**Work request**
Look through the listing below and write out exactly the lines from the line with "Custom Ghost Bag" to the line with "Madewell Sage Green Textured Cardigan", both included, and no others.

**Material to process**

=======

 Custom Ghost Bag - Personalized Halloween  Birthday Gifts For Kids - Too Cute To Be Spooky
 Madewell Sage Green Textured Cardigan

=======

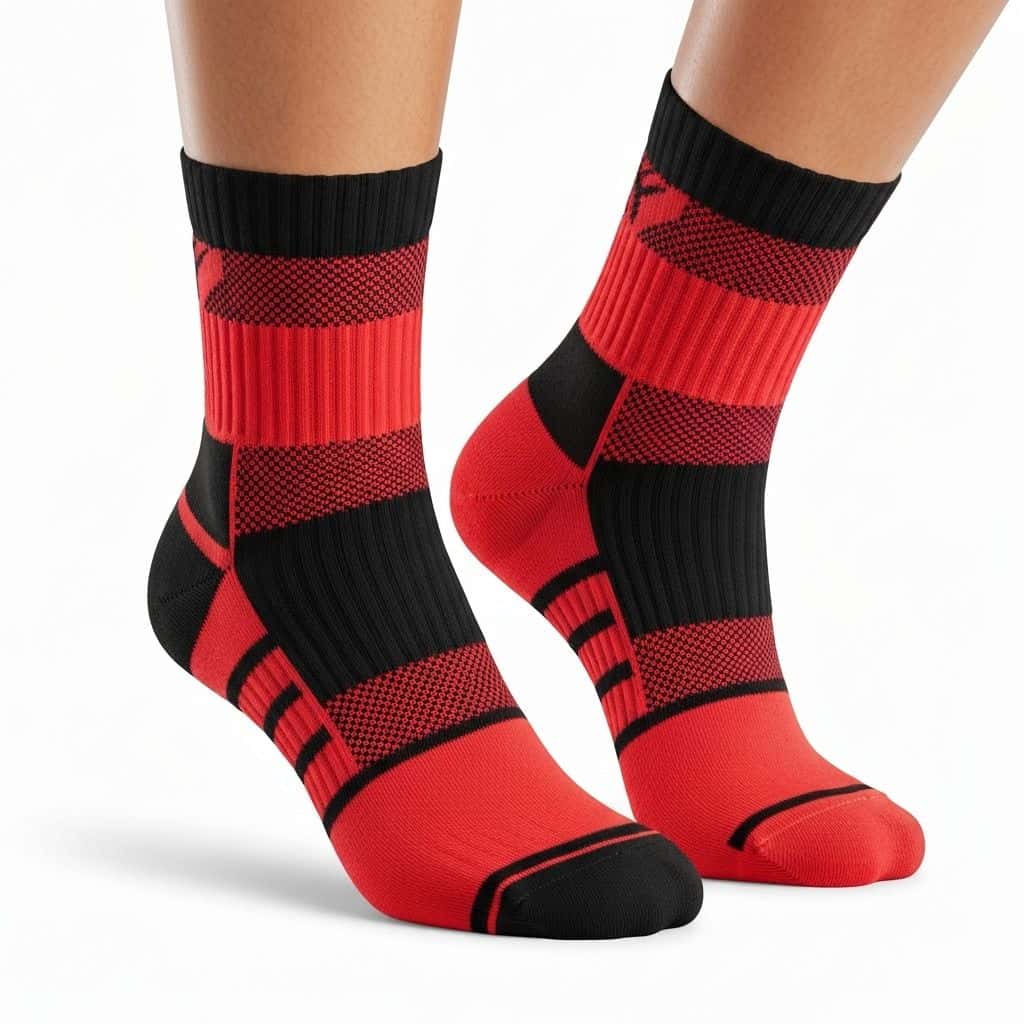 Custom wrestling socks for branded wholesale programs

=======

**Solution below**
 Custom Ghost Bag - Personalized Halloween  Birthday Gifts For Kids - Too Cute To Be Spooky
 Madewell Sage Green Textured Cardigan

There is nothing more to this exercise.